Function Registry System
OpenHCS implements a unified library registry system that automatically discovers and integrates GPU-accelerated functions from multiple libraries (pyclesperanto, scikit-image, CuCIM) with type-safe contracts, JSON-based caching, and consistent memory management.
## Why Unified Function Discovery
Scientific image processing involves diverse libraries, each with different:
Memory types: NumPy arrays, CuPy arrays, PyTorch tensors
Function signatures: Inconsistent parameter naming and ordering
Processing contracts: 2D-only, 3D-capable, or flexible dimensionality
GPU support: Native GPU, CPU-only, or hybrid implementations
Without unification, pipelines would need library-specific logic throughout.
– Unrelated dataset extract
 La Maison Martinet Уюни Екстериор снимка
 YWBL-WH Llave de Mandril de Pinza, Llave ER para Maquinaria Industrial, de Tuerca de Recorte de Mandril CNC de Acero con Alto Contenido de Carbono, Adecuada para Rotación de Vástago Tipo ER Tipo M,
The registry system provides a single interface to all functions while preserving their native performance characteristics.
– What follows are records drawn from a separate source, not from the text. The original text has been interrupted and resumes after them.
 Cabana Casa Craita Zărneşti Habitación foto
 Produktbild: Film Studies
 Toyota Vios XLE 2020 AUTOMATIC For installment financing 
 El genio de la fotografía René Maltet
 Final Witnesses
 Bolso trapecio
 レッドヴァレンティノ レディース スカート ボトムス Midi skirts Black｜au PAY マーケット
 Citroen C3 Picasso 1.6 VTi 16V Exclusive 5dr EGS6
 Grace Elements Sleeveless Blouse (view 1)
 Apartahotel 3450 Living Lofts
## Unified Registry Architecture
The new unified registry system is built around the LibraryRegistryBase abstract class that eliminates ~70% of code duplication across library registries while enforcing consistent behavior:
class LibraryRegistryBase(ABC):
"""Minimal ABC for all library registries."""
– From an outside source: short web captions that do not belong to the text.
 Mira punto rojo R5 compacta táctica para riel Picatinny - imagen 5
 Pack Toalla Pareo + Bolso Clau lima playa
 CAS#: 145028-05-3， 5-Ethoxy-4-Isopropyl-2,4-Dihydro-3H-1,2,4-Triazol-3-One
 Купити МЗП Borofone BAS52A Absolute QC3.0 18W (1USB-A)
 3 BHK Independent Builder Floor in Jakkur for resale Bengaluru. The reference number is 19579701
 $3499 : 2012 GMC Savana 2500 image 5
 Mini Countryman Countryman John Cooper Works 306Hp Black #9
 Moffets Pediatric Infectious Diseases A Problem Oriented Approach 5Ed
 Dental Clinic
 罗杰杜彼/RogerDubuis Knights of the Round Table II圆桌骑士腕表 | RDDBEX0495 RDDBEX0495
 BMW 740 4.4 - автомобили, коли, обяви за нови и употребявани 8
# Common exclusions across all libraries
COMMON_EXCLUSIONS = {
'imread', 'imsave', 'load', 'save', 'read', 'write',
'show', 'imshow', 'plot', 'display', 'view', 'visualize'
}
# Abstract class attributes - each implementation must define these
MODULES_TO_SCAN: List[str]
MEMORY_TYPE: str # Memory type string value
FLOAT_DTYPE: Any # Library-specific float32 type
This design enables consistent function discovery across all supported libraries while maintaining their native performance characteristics.
## Processing Contract System
The registry system classifies functions by their processing contracts using a unified enum:
class ProcessingContract(Enum):
PURE_3D = "_execute_pure_3d" # Processes 3D volumes directly
PURE_2D = "_execute_pure_2d" # Processes 2D slices only
FLEXIBLE = "_execute_flexible" # Handles both 2D and 3D
VOLUMETRIC_TO_SLICE = "_execute_volumetric_to_slice" # 3D→2D reduction
def execute(self, registry, func, image, *args, **kwargs):
"""Execute the contract method on the registry."""
method = getattr(registry, self.value)
return method(func, image, *args, **kwargs)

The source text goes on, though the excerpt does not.